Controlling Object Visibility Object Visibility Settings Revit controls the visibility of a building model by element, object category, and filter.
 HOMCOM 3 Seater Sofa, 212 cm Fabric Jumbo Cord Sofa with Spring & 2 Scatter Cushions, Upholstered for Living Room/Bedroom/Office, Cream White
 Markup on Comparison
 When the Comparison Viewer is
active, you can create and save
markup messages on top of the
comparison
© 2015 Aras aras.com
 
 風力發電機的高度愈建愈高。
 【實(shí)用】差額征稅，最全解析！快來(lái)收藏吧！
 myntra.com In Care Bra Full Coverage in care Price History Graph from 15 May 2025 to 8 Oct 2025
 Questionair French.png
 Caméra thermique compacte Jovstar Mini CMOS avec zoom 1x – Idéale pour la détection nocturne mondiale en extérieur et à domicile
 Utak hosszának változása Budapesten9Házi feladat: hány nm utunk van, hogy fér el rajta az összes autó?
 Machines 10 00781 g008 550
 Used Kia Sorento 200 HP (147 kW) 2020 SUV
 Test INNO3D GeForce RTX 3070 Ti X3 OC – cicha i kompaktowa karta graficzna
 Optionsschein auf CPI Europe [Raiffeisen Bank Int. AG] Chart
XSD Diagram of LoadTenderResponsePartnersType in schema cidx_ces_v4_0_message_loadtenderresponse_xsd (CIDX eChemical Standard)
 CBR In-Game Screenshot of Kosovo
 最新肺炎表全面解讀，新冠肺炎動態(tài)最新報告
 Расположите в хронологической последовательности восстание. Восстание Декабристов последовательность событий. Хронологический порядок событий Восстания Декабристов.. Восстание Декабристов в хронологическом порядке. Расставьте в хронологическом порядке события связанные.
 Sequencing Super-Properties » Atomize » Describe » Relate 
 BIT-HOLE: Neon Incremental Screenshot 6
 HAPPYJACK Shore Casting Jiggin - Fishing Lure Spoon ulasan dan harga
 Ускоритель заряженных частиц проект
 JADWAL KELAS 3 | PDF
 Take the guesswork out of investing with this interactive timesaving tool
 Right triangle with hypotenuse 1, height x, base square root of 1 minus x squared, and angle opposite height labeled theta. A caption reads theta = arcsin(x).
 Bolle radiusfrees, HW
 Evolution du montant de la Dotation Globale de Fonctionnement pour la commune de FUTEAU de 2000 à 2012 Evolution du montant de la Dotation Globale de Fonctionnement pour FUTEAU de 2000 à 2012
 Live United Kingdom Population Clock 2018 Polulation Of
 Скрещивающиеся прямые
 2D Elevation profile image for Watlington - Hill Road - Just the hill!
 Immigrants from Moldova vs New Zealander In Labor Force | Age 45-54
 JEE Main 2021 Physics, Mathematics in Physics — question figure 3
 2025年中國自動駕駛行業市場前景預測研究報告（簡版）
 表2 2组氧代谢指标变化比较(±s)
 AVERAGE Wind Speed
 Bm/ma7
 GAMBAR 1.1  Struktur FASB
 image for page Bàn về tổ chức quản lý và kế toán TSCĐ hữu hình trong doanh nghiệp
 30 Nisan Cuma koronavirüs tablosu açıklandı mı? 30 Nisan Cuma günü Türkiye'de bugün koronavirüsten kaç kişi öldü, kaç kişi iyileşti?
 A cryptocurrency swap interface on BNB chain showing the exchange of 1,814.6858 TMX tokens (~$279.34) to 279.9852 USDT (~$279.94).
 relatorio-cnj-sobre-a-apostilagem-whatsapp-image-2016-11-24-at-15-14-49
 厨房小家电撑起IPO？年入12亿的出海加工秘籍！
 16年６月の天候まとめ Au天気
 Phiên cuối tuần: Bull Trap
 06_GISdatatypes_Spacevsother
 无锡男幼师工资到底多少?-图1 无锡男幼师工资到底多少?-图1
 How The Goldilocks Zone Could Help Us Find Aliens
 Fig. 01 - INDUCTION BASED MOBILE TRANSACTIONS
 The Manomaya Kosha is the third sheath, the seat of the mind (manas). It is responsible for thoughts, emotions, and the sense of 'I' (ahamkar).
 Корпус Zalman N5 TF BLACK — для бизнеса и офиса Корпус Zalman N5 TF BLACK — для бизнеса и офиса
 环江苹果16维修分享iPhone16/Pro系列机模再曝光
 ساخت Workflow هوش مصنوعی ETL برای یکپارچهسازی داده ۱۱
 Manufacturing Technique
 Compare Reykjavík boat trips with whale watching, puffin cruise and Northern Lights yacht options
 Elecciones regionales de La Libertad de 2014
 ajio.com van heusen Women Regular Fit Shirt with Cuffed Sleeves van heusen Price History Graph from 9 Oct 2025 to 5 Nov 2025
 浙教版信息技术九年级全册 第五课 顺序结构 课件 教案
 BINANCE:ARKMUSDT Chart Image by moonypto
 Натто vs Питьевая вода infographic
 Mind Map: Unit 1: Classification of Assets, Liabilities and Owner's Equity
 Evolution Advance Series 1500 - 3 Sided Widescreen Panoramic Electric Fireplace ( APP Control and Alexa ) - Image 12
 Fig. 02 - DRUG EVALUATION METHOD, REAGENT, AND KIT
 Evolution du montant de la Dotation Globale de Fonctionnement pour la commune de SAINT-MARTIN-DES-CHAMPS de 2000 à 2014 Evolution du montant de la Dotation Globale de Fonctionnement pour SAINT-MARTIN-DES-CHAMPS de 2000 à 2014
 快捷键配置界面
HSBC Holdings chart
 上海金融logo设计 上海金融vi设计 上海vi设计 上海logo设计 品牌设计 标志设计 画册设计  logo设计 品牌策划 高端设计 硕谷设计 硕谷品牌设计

_ _ _ _ _ _ _

## HOW TO COMPLETE THIS TASK
When you transcribe the records above, keep every line exactly the same.

## ANSWER FOR THE TASK
Controlling Object Visibility Object Visibility Settings Revit controls the visibility of a building model by element, object category, and filter.
 HOMCOM 3 Seater Sofa, 212 cm Fabric Jumbo Cord Sofa with Spring & 2 Scatter Cushions, Upholstered for Living Room/Bedroom/Office, Cream White
 Markup on Comparison
 When the Comparison Viewer is
active, you can create and save
markup messages on top of the
comparison
© 2015 Aras aras.com
 
 風力發電機的高度愈建愈高。
 【實(shí)用】差額征稅，最全解析！快來(lái)收藏吧！
 myntra.com In Care Bra Full Coverage in care Price History Graph from 15 May 2025 to 8 Oct 2025
 Questionair French.png
 Caméra thermique compacte Jovstar Mini CMOS avec zoom 1x – Idéale pour la détection nocturne mondiale en extérieur et à domicile
 Utak hosszának változása Budapesten9Házi feladat: hány nm utunk van, hogy fér el rajta az összes autó?
 Machines 10 00781 g008 550
 Used Kia Sorento 200 HP (147 kW) 2020 SUV
 Test INNO3D GeForce RTX 3070 Ti X3 OC – cicha i kompaktowa karta graficzna
 Optionsschein auf CPI Europe [Raiffeisen Bank Int. AG] Chart
XSD Diagram of LoadTenderResponsePartnersType in schema cidx_ces_v4_0_message_loadtenderresponse_xsd (CIDX eChemical Standard)
 CBR In-Game Screenshot of Kosovo
 最新肺炎表全面解讀，新冠肺炎動態(tài)最新報告
 Расположите в хронологической последовательности восстание. Восстание Декабристов последовательность событий. Хронологический порядок событий Восстания Декабристов.. Восстание Декабристов в хронологическом порядке. Расставьте в хронологическом порядке события связанные.
 Sequencing Super-Properties » Atomize » Describe » Relate 
 BIT-HOLE: Neon Incremental Screenshot 6
 HAPPYJACK Shore Casting Jiggin - Fishing Lure Spoon ulasan dan harga
 Ускоритель заряженных частиц проект
 JADWAL KELAS 3 | PDF
 Take the guesswork out of investing with this interactive timesaving tool
 Right triangle with hypotenuse 1, height x, base square root of 1 minus x squared, and angle opposite height labeled theta. A caption reads theta = arcsin(x).
 Bolle radiusfrees, HW
 Evolution du montant de la Dotation Globale de Fonctionnement pour la commune de FUTEAU de 2000 à 2012 Evolution du montant de la Dotation Globale de Fonctionnement pour FUTEAU de 2000 à 2012
 Live United Kingdom Population Clock 2018 Polulation Of
 Скрещивающиеся прямые
 2D Elevation profile image for Watlington - Hill Road - Just the hill!
 Immigrants from Moldova vs New Zealander In Labor Force | Age 45-54
 JEE Main 2021 Physics, Mathematics in Physics — question figure 3
 2025年中國自動駕駛行業市場前景預測研究報告（簡版）
 表2 2组氧代谢指标变化比较(±s)
 AVERAGE Wind Speed
 Bm/ma7
 GAMBAR 1.1  Struktur FASB
 image for page Bàn về tổ chức quản lý và kế toán TSCĐ hữu hình trong doanh nghiệp
 30 Nisan Cuma koronavirüs tablosu açıklandı mı? 30 Nisan Cuma günü Türkiye'de bugün koronavirüsten kaç kişi öldü, kaç kişi iyileşti?
 A cryptocurrency swap interface on BNB chain showing the exchange of 1,814.6858 TMX tokens (~$279.34) to 279.9852 USDT (~$279.94).
 relatorio-cnj-sobre-a-apostilagem-whatsapp-image-2016-11-24-at-15-14-49
 厨房小家电撑起IPO？年入12亿的出海加工秘籍！
 16年６月の天候まとめ Au天気
 Phiên cuối tuần: Bull Trap
 06_GISdatatypes_Spacevsother
 无锡男幼师工资到底多少?-图1 无锡男幼师工资到底多少?-图1
 How The Goldilocks Zone Could Help Us Find Aliens
 Fig. 01 - INDUCTION BASED MOBILE TRANSACTIONS
 The Manomaya Kosha is the third sheath, the seat of the mind (manas). It is responsible for thoughts, emotions, and the sense of 'I' (ahamkar).
 Корпус Zalman N5 TF BLACK — для бизнеса и офиса Корпус Zalman N5 TF BLACK — для бизнеса и офиса
 环江苹果16维修分享iPhone16/Pro系列机模再曝光
 ساخت Workflow هوش مصنوعی ETL برای یکپارچهسازی داده ۱۱
 Manufacturing Technique
 Compare Reykjavík boat trips with whale watching, puffin cruise and Northern Lights yacht options
 Elecciones regionales de La Libertad de 2014
 ajio.com van heusen Women Regular Fit Shirt with Cuffed Sleeves van heusen Price History Graph from 9 Oct 2025 to 5 Nov 2025
 浙教版信息技术九年级全册 第五课 顺序结构 课件 教案
 BINANCE:ARKMUSDT Chart Image by moonypto
 Натто vs Питьевая вода infographic
 Mind Map: Unit 1: Classification of Assets, Liabilities and Owner's Equity
 Evolution Advance Series 1500 - 3 Sided Widescreen Panoramic Electric Fireplace ( APP Control and Alexa ) - Image 12
 Fig. 02 - DRUG EVALUATION METHOD, REAGENT, AND KIT
 Evolution du montant de la Dotation Globale de Fonctionnement pour la commune de SAINT-MARTIN-DES-CHAMPS de 2000 à 2014 Evolution du montant de la Dotation Globale de Fonctionnement pour SAINT-MARTIN-DES-CHAMPS de 2000 à 2014
 快捷键配置界面
HSBC Holdings chart
 上海金融logo设计 上海金融vi设计 上海vi设计 上海logo设计 品牌设计 标志设计 画册设计  logo设计 品牌策划 高端设计 硕谷设计 硕谷品牌设计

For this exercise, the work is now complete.